What is causing climate change and can we do something about the cause? Apparently our leaders can’t see that far ahead, or maybe they don’t want to ruffle their lobbyist friends’ feathers.
Read the entire article here at WFSUnews.
Comments by OSFR historian Jim Tatum.
– A river is like a life: once taken,
it cannot be brought back © Jim Tatum
Environmentalists Weigh In On DeSantis’s Budget Proposal
Environmental advocacy groups say Gov. Ron DeSantis’s proposed budget is a good start, but they worry it doesn’t put enough money toward protecting Florida’s natural resources and doesn’t do enough to address the cause of climate change.
The governor’s budget proposal would create the Resilient Florida program, which will give $1 billion over four years to projects aimed at combating sea level rise, storms, and flooding. Sierra Club Florida’s David Cullen says the program shows the governor is taking sea level rise seriously.
“But we note that there is no attack on the cause of sea level rise. This is akin to treating only the symptoms of the disease but not addressing the cause of the disease,” Cullen says.
Cullen says DeSantis needs to tackle climate change and focus on reducing greenhouse gas emissions.
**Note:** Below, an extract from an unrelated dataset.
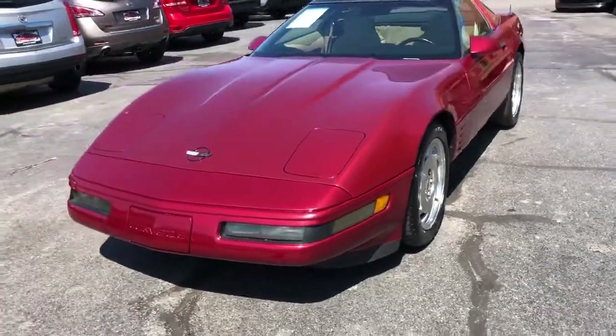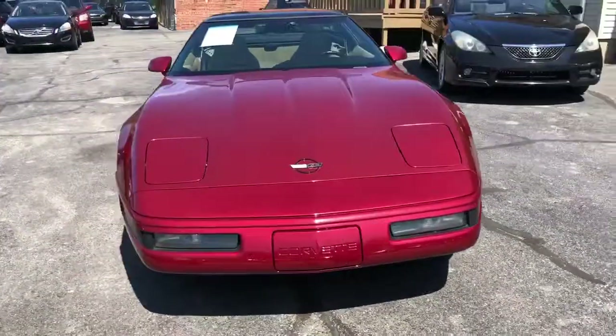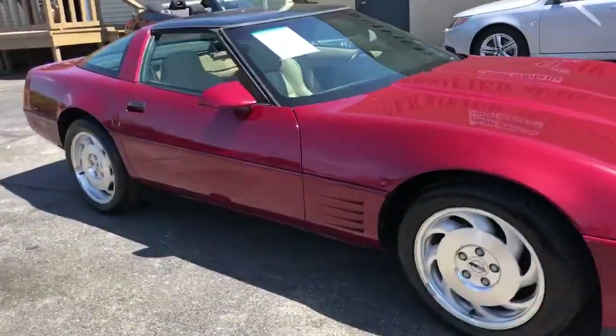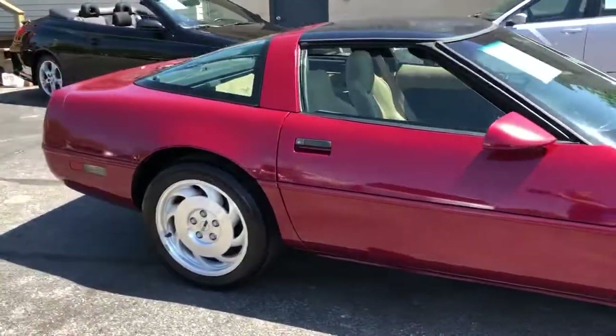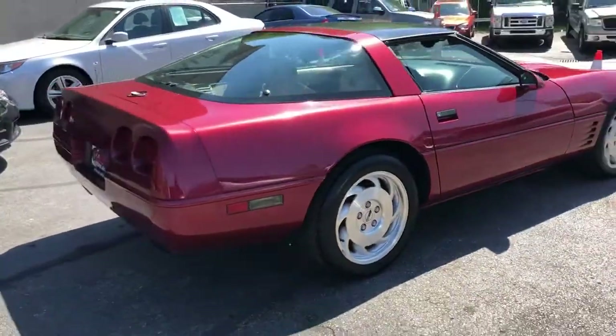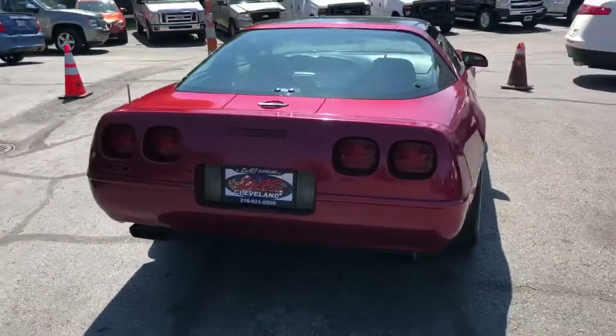Happy holidays folks. We're ready to enjoy this Memorial Day weekend. We got a real nice piece for you here. That is a 94 Chevrolet Corvette. It's an LT1 350 all aluminum block car. Factory automatic. No modifications on this car.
His group would like to see state agencies buy electric vehicles to replace gas-powered ones.
“And that could be done on an as they retire basis. Replace them with EVs,” Cullen says.
Aliki Moncrief works with the group Florida Conservation Voters. She’s worried the Resilient Florida program could take dollars away from Florida Forever—the state’s conservation land buying program.
“Florida Forever was one of those key programs that voters had in mind in 2014 as a necessary program to make sure that as our state is developing, as we got new subdivisions going in and destroying wetlands and natural areas that we actually have a fund that we can use to balance that destruction with protection and conservation,” Moncrief says.
Resilient Florida would dip into the same pot of money that Florida Forever gets its funding from. DeSantis’s proposal earmarks $50 million for the program, but Moncrief says that’s not enough.
“We need to see Florida Forever restored to historic levels, which were more like $300 million a year,” Moncrief says.
“At the very least, we’d like to see a $100 million, but you know, $50 million is a starting point, and I’m sure we will have some opportunities for discussion, Beth Alvi says. She works for Audubon Florida and would like to see more money to go towards protecting agricultural lands from development….
The governor’s budget includes a total of $4.3 billion for environmental issues. That includes dollars for wastewater treatment projects like septic to sewer conversions and everglades restoration projects, among others.